Lawmakers tackle product liability
Concerns stem from reuse of medical devices
Between discussions of funding for sex offender treatment and restitution payments for crime victims, the Law Enforcement and Criminal Justice Committee Wednesday morning discussed what to do about secondary use of medical devices.
Many medical devices are routinely sent out for reprocessing that's designed to make them basically new again. But Fred Lampropoulos, CEO and chairman of Merit Medical and former GOP gubernatorial candidate, said his company makes many single-use devices, and they are concerned about reuse.
"A reprocessed device is not the same as a new device," he said, just as "a retread is not a new tire." He believes the result is a device that "has different properties" from the original.
Because of that, "it's an unfair burden to have to defend ourselves" if something goes wrong with use of the device.
Committee chairman Sen. Chris Buttars, R-West Jordan, made it clear he wants to see the original manufacturer taken out of the picture if there's liability with a reprocessed device and said the committee would have a bill to consider next month. Although he said there are a number of issues surrounding reprocessing, he limited testimony after Merit Medical representatives spoke to the issue of liability.

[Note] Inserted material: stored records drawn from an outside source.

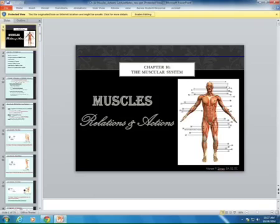We are looking at attachments — origin and insertion — biomechanics, and anterior versus posterior meaning flexion or extension. You can rewind to copy that. Let's get to the PowerPoint.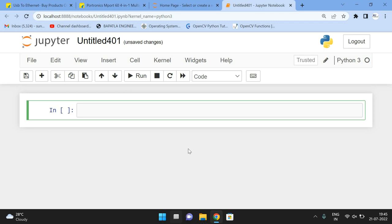Hello friends, welcome back to our channel. So in today's session, we'll discuss one more function in OpenCV Python library, that is the concat function.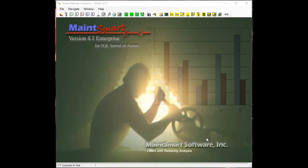The reason for doing that is MainSmart has a functionality to associate parts used with a PM task so that upon completion of a PM task a part will automatically be deducted from your inventory.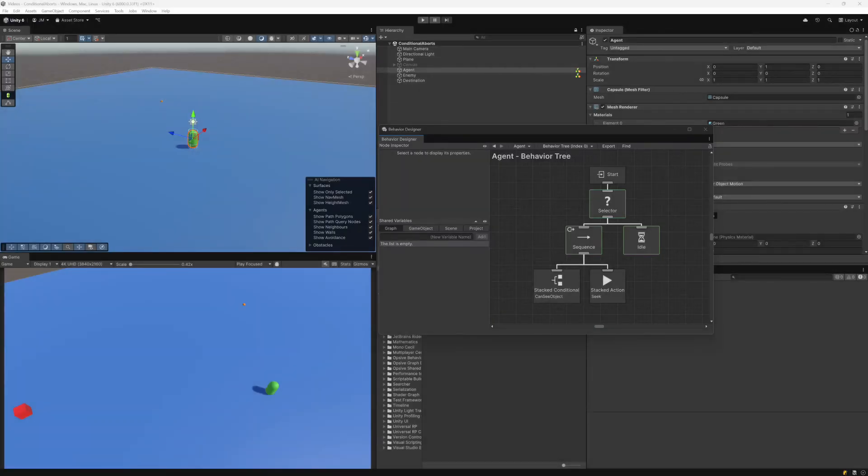Behavior trees evaluate from top to bottom, left to right. In standard behavior tree implementations, this evaluation is done every frame or tick. This can lead to performance issues because you don't necessarily need to re-evaluate the entire tree just to determine the currently active task.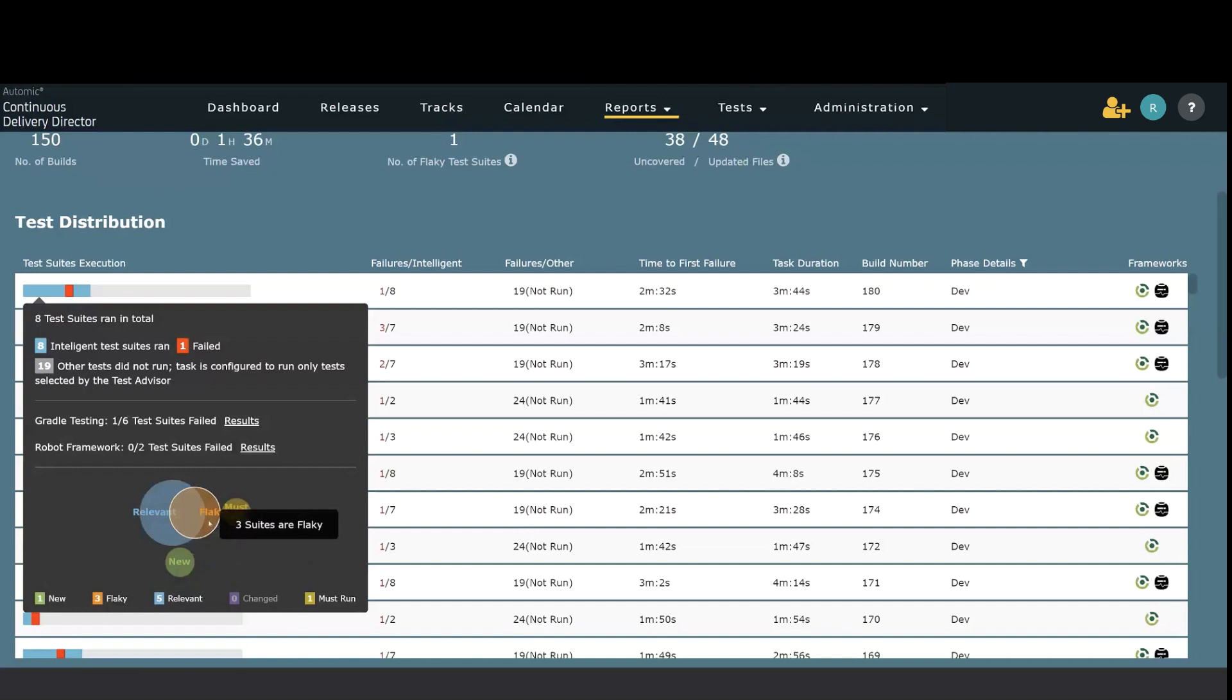You'll notice that there is also overlap between the tests which is fantastic because what this means is that we have optimized the test run. You're not running duplicate tests. You are running the specific tests that are the most relevant and important to every single build.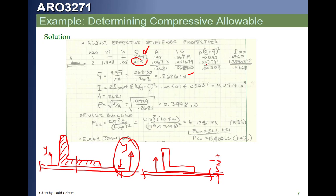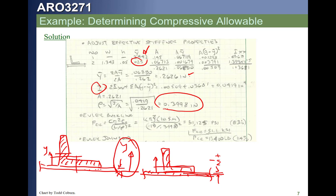That gives us a new y-bar — since we're accounting for this skin, it pulls the centroid downward slightly. It gives us a larger A because all of this area is now acting, and a larger I. That gives a new radius of gyration and a larger buckling level. The stress actually drops, but we have more area, and the skin wasn't the stiffest piece — so multiplying by the new area, we find an increase in compressive force allowable.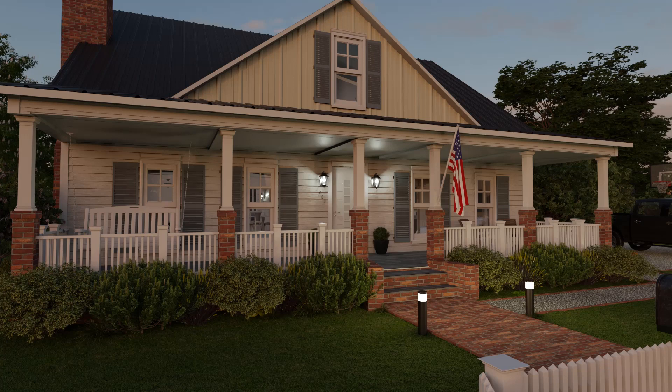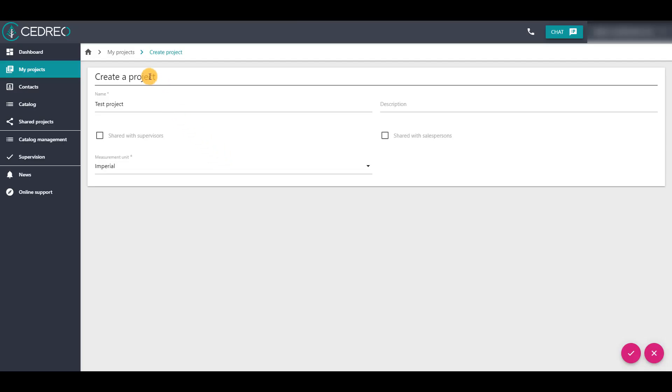Hello. Today, we're going to look at how to share a project. In the Project Manager, when you create or copy a project, you can check two sharing options.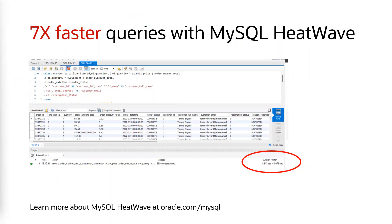Eureka developers initially developed the application using MySQL. However, the analytical queries were taking too long to run. Using MySQL HeatWave, performance improved by seven times, ensuring a great user experience and a positive association with the Eureka brand.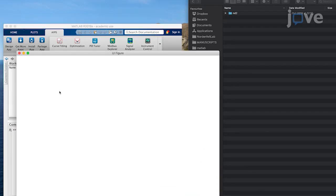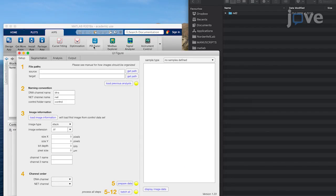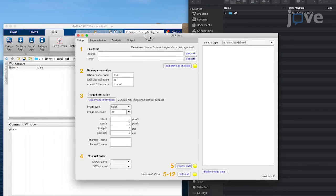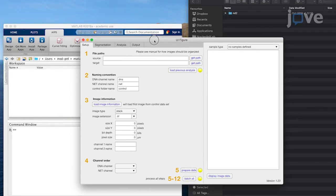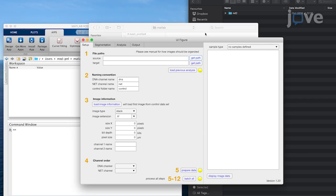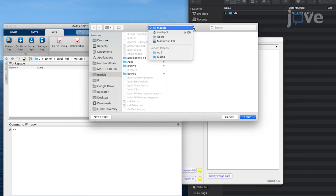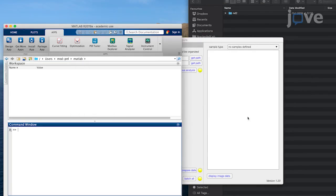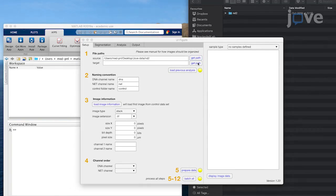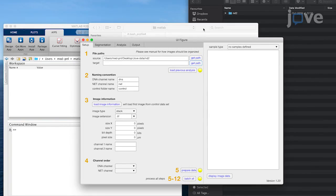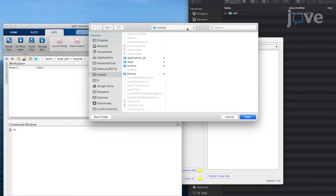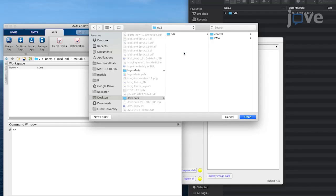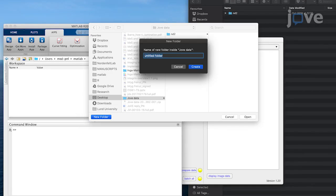In the Setup tab, choose a source folder for analysis by clicking the Get Path option in the Source menu. Select the folder containing the image sequences to be analyzed. Click on the Get Path option in the Target menu and select the target folder for saving the data following image analysis.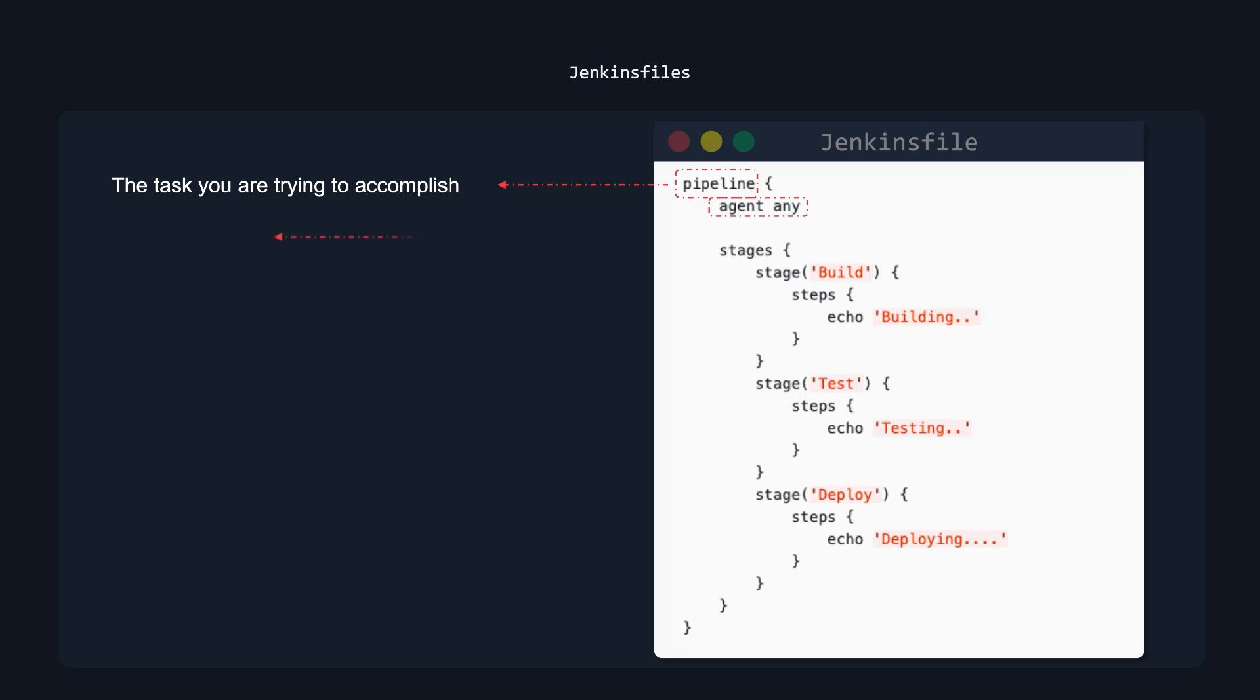The node is the build agent. So in the next section coming up, we will be going over build agents and what they are, why we use them, etc. But really what I want you to think of when you hear build agent right now is the place that runs your pipeline.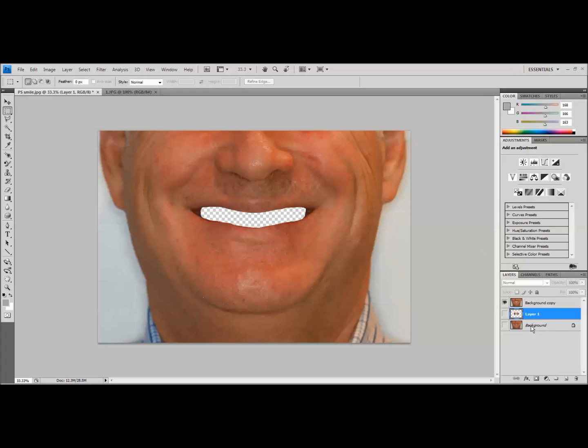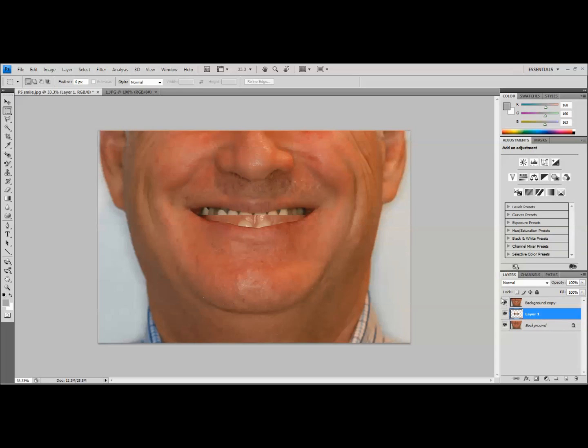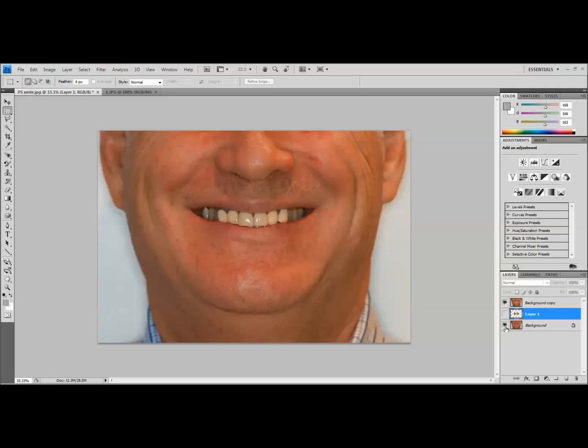Okay, so if we look at our layers here on the bottom right, we've got three layers. Currently we've got on the very bottom, the patient's original picture. In the middle, we've got the teeth that we just cut out from our idealized smile. And then on the top, you're going to have the patient's mouth cut out. If I turn off the other layers, you can see here. And so hopefully you get the idea is that we're going to sandwich in between these two layers the idealized teeth so that we can see what they would look like.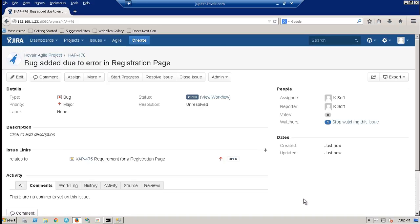Now, this bug gets added to Covair as a defect and the link between the bug and the requirement also gets inserted automatically. Let's move on to Covair to check the defect.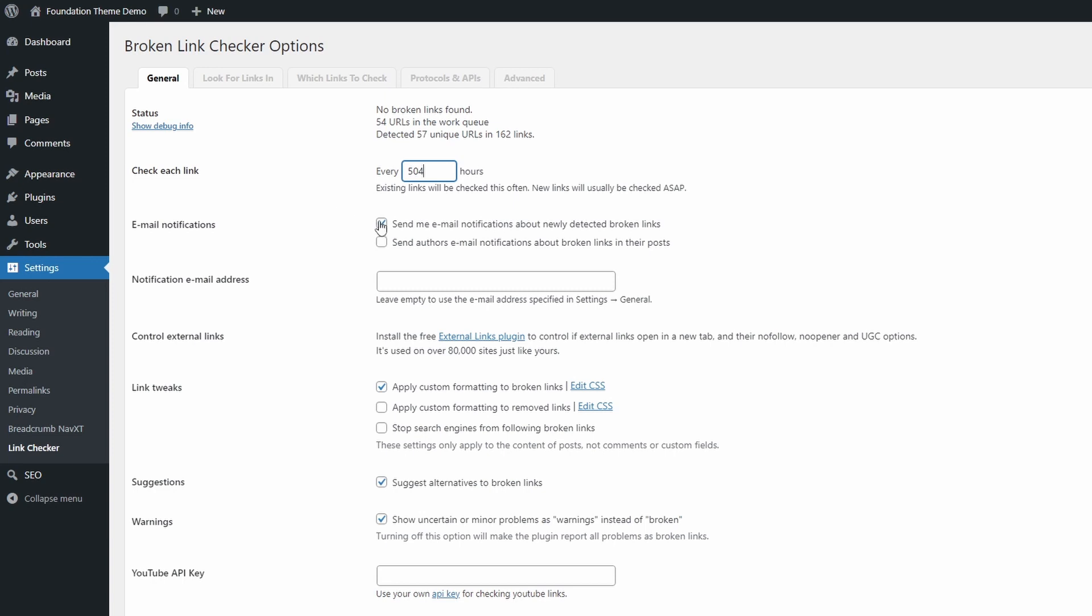I don't need email reminders about broken links. It can automatically add some special CSS styling to broken and removed links, as well as stop search engines from following broken links. It's a good idea to check this.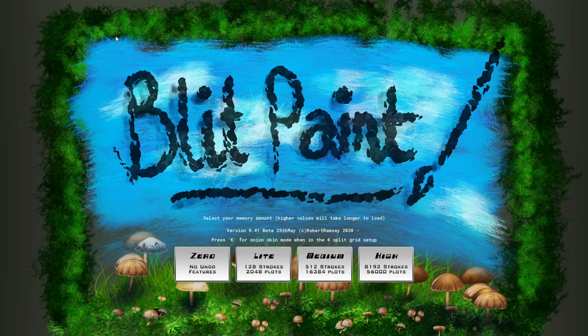Hello and welcome to Blitpaint. As soon as you start Blitpaint you'll see there's a few memory options here depending on what kind of thing you're going to be working on.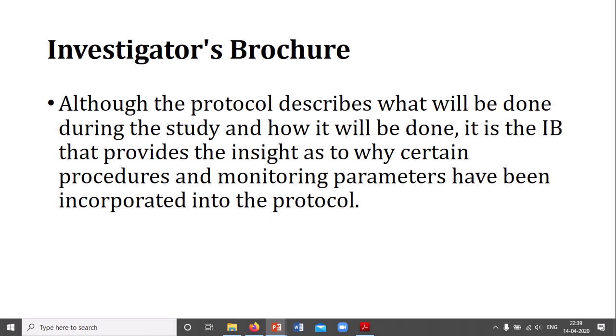The protocol describes all the things and how they are done. The investigators brochure provides insight as to why certain procedures and monitoring parameters have been incorporated in the protocol. It should incorporate all elements that are part of the study — not just the procedures being followed but also the ethical and moral aspects of those procedures.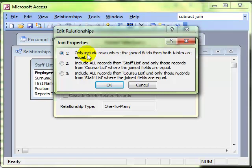But the type of join I want to look at next is called a self join, and this only works on one table and it operates in a different way.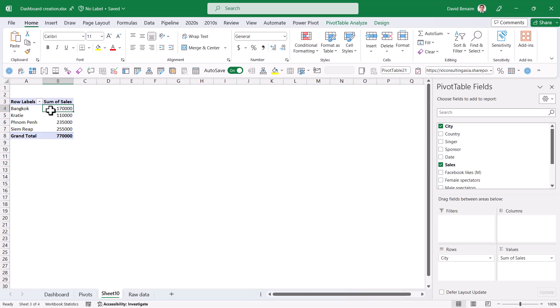That's what a pivot table does, essentially, is it adds together numbers and then breaks them down by category. Here we have some, but we could also, if we wanted to do averages or percent of totals. I have a whole other video where I go deep into pivot tables for beginners. Check that out if this is something you want to know more about.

Reprocessing cleans, sterilizes, tests and inspects, then sends the device back to the hospital. Nationally, three different reprocessors handle about 90 percent of the product rehabilitation. A couple of panelists questioned whether the issue should be resolved on a national level, rather than state by state.
Greg Fredde, a lobbyist for Merit Medical Systems, assured the committee that a law releasing the original manufacturer from liability for a reprocessed device would become model legislation for other states. He complained that some reprocessed devices look like they're from the original manufacturer, with nothing on the device to indicate it's been reprocessed.
Buttars said that the manufacturers should be protected against the dangers of unauthorized use, which in this case would simply be any reuse of a single-use item. A company, he said, "could go out of business on a thing like this if they get a catastrophic (reprocessed) product."
Sen. Peter Knudson noted the committee had only heard one side. "Realistically, would these systems that provide health care want to put patients at risk?" He urged the committee to hear "the other side before thundering down the road."
The other side came from Pamela J. Furman, executive director of the Association of Medical Device Reprocessors and an attorney specializing in FDA medical device law. She noted the single-use designation is one "chosen by manufacturers, sometimes to sell more, not for patient safety," and not an FDA requirement.